P 1178 – Quantifying the effects of manufacturing automation and internal welding on the fatigue resistance of circular hollow section joints for offshore wind energy converters
The development within the offshore wind sector towards more powerful turbines combined with increasing water depth for new wind parks is challenging both the designer as well as the manufacturer of bottom fixed support structures. Besides XL-monopiles, the market developed an innovative and economic jacket support structure, which is based on automatically manufactured tubular joints combined with standardized pipes. Besides the improvements for a serial manufacturing process the automatically welded tubular joints show a great potential in terms of fatigue resistance e.g. due to a smooth weld geometry without sharp notches. However, these benefits are not considered yet within the fatigue design process of automatically manufactured jacket substructures according to standards and guidelines due to the lack of suitable S-N curves. Therefore, within this research project the automatically welding process of tubular joints for jacket support structures of offshore wind energy turbines was developed. Additionally, the project was focused on a consistent digitalization of the welding production chain during the automated welding of the X-joints. These stored process parameters can then serve as the basis for quality checks and a complete traceability of the automatically produced tubular joints is enabled.

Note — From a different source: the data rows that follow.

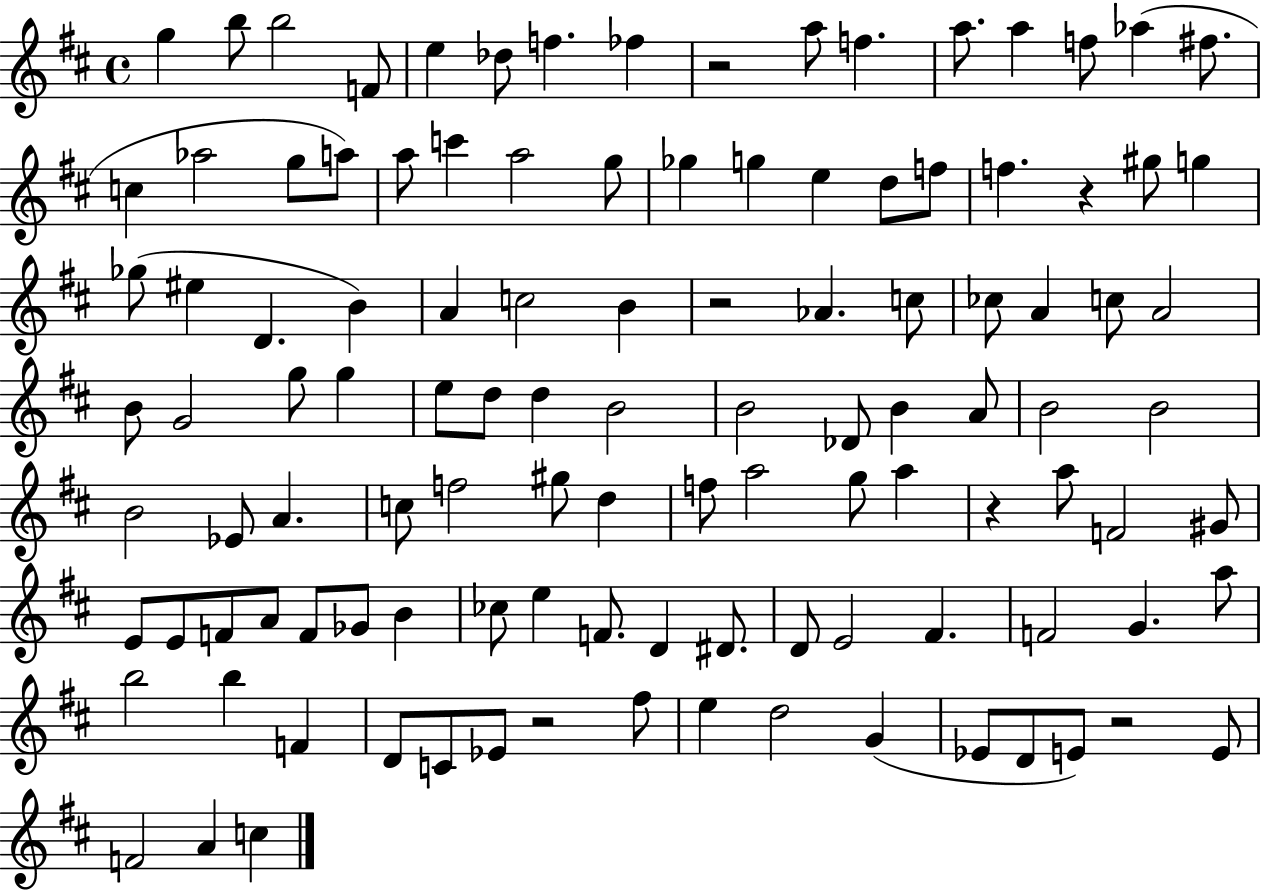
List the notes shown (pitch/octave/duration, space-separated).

G5/q B5/e B5/h F4/e E5/q Db5/e F5/q. FES5/q R/h A5/e F5/q. A5/e. A5/q F5/e Ab5/q F#5/e. C5/q Ab5/h G5/e A5/e A5/e C6/q A5/h G5/e Gb5/q G5/q E5/q D5/e F5/e F5/q. R/q G#5/e G5/q Gb5/e EIS5/q D4/q. B4/q A4/q C5/h B4/q R/h Ab4/q. C5/e CES5/e A4/q C5/e A4/h B4/e G4/h G5/e G5/q E5/e D5/e D5/q B4/h B4/h Db4/e B4/q A4/e B4/h B4/h B4/h Eb4/e A4/q. C5/e F5/h G#5/e D5/q F5/e A5/h G5/e A5/q R/q A5/e F4/h G#4/e E4/e E4/e F4/e A4/e F4/e Gb4/e B4/q CES5/e E5/q F4/e. D4/q D#4/e. D4/e E4/h F#4/q. F4/h G4/q. A5/e B5/h B5/q F4/q D4/e C4/e Eb4/e R/h F#5/e E5/q D5/h G4/q Eb4/e D4/e E4/e R/h E4/e F4/h A4/q C5/q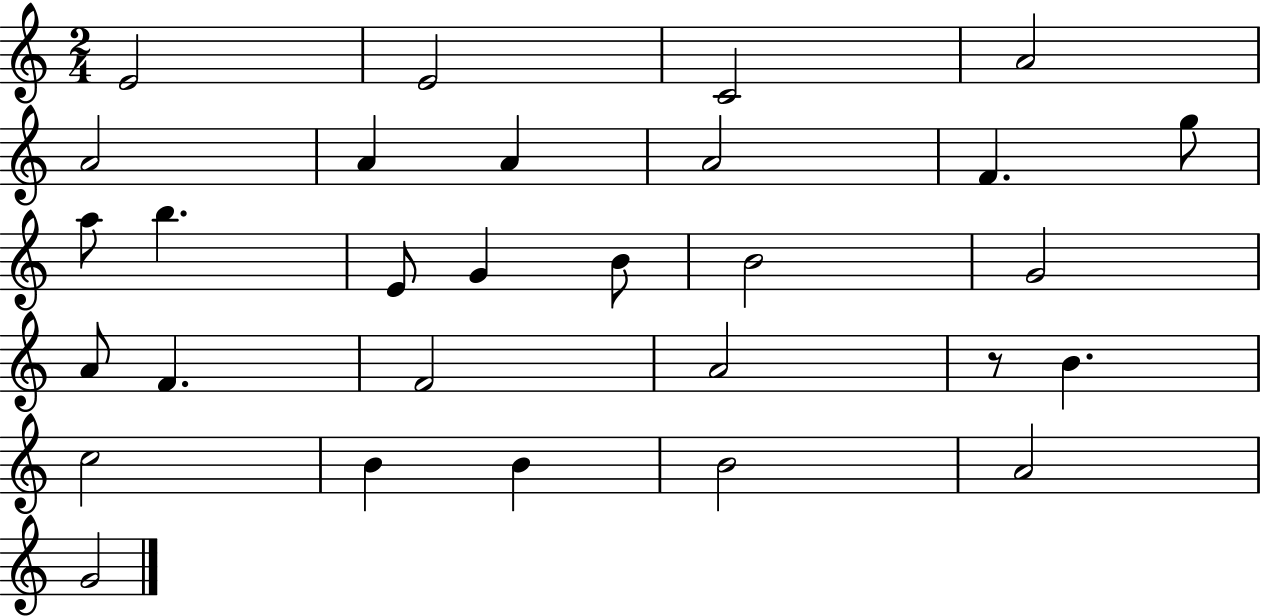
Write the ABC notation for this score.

X:1
T:Untitled
M:2/4
L:1/4
K:C
E2 E2 C2 A2 A2 A A A2 F g/2 a/2 b E/2 G B/2 B2 G2 A/2 F F2 A2 z/2 B c2 B B B2 A2 G2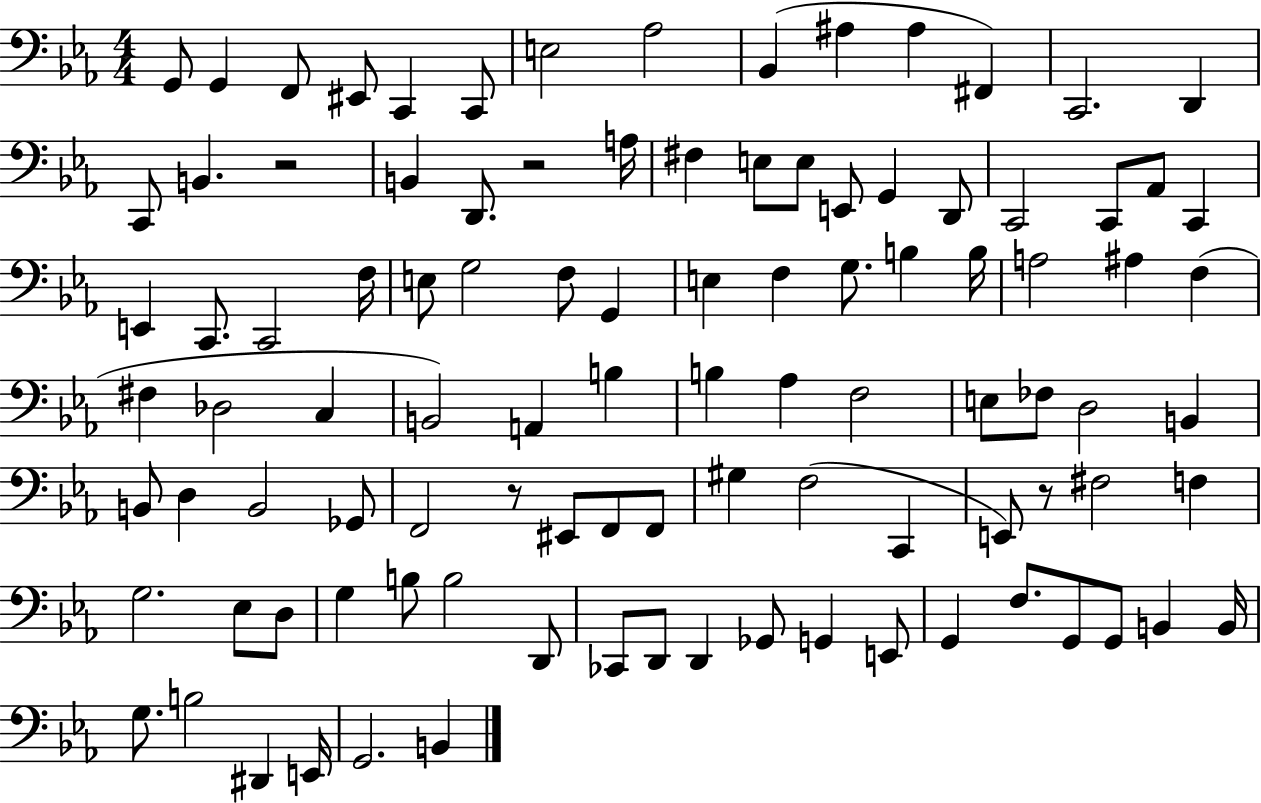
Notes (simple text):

G2/e G2/q F2/e EIS2/e C2/q C2/e E3/h Ab3/h Bb2/q A#3/q A#3/q F#2/q C2/h. D2/q C2/e B2/q. R/h B2/q D2/e. R/h A3/s F#3/q E3/e E3/e E2/e G2/q D2/e C2/h C2/e Ab2/e C2/q E2/q C2/e. C2/h F3/s E3/e G3/h F3/e G2/q E3/q F3/q G3/e. B3/q B3/s A3/h A#3/q F3/q F#3/q Db3/h C3/q B2/h A2/q B3/q B3/q Ab3/q F3/h E3/e FES3/e D3/h B2/q B2/e D3/q B2/h Gb2/e F2/h R/e EIS2/e F2/e F2/e G#3/q F3/h C2/q E2/e R/e F#3/h F3/q G3/h. Eb3/e D3/e G3/q B3/e B3/h D2/e CES2/e D2/e D2/q Gb2/e G2/q E2/e G2/q F3/e. G2/e G2/e B2/q B2/s G3/e. B3/h D#2/q E2/s G2/h. B2/q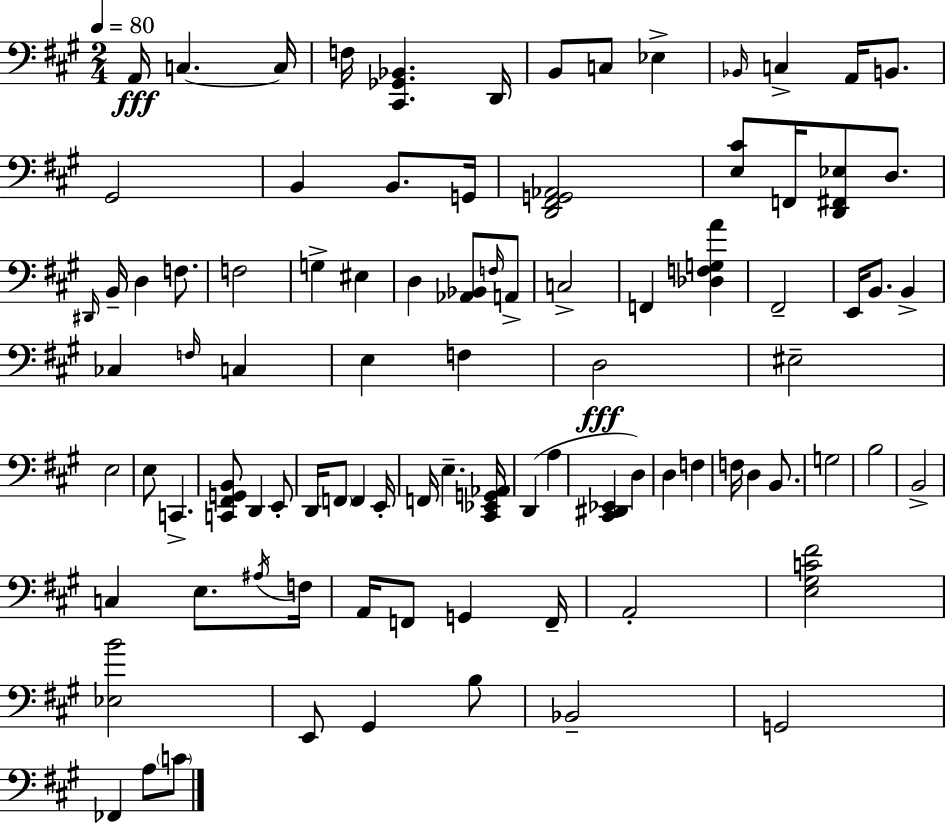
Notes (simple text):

A2/s C3/q. C3/s F3/s [C#2,Gb2,Bb2]/q. D2/s B2/e C3/e Eb3/q Bb2/s C3/q A2/s B2/e. G#2/h B2/q B2/e. G2/s [D2,F#2,G2,Ab2]/h [E3,C#4]/e F2/s [D2,F#2,Eb3]/e D3/e. D#2/s B2/s D3/q F3/e. F3/h G3/q EIS3/q D3/q [Ab2,Bb2]/e F3/s A2/e C3/h F2/q [Db3,F3,G3,A4]/q F#2/h E2/s B2/e. B2/q CES3/q F3/s C3/q E3/q F3/q D3/h EIS3/h E3/h E3/e C2/q. [C2,F#2,G2,B2]/e D2/q E2/e D2/s F2/e F2/q E2/s F2/s E3/q. [C#2,Eb2,G2,Ab2]/s D2/q A3/q [C#2,D#2,Eb2]/q D3/q D3/q F3/q F3/s D3/q B2/e. G3/h B3/h B2/h C3/q E3/e. A#3/s F3/s A2/s F2/e G2/q F2/s A2/h [E3,G#3,C4,F#4]/h [Eb3,B4]/h E2/e G#2/q B3/e Bb2/h G2/h FES2/q A3/e C4/e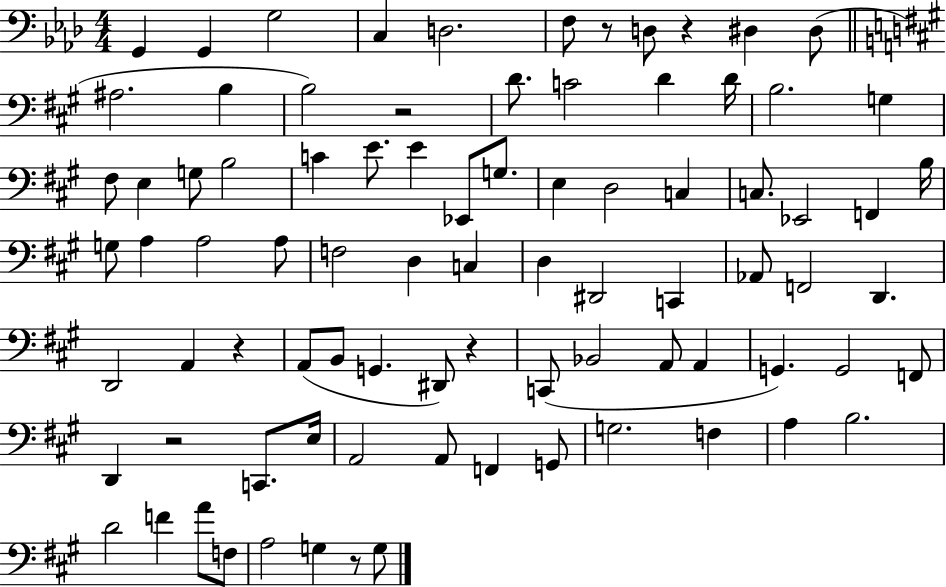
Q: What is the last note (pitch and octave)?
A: G3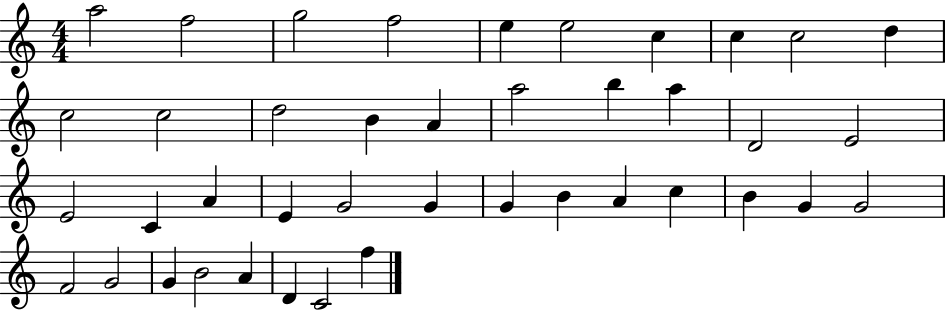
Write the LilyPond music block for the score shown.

{
  \clef treble
  \numericTimeSignature
  \time 4/4
  \key c \major
  a''2 f''2 | g''2 f''2 | e''4 e''2 c''4 | c''4 c''2 d''4 | \break c''2 c''2 | d''2 b'4 a'4 | a''2 b''4 a''4 | d'2 e'2 | \break e'2 c'4 a'4 | e'4 g'2 g'4 | g'4 b'4 a'4 c''4 | b'4 g'4 g'2 | \break f'2 g'2 | g'4 b'2 a'4 | d'4 c'2 f''4 | \bar "|."
}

The second aspect dealt within this report is the quantification of the effects of production automation and internal welding on the fatigue resistance of the tubular joints by performing serial fatigue tests. For this purpose, two series each with 16 fatigue tests on single- and double-sided automatically welded X-joints were carried out in the project to determine structural stress based S-N curves for the automatically welded X-joints.
The results of these fatigue tests are then compared to numerical investigations based on the structural stress as well as notch stress approach. The outcomes are then compared to evaluate the capability of both approaches for the prediction of the fatigue-critical locations within the X-joints.
Based on the analysis of the welding procedure as well as the experimental and numerical investigations within this research project, the potential of automatically manufactured tubular joints with regard to reproducibility and fatigue behaviour was investigated. In addition, the effects of an inner root layer on the fatigue resistance was evaluated.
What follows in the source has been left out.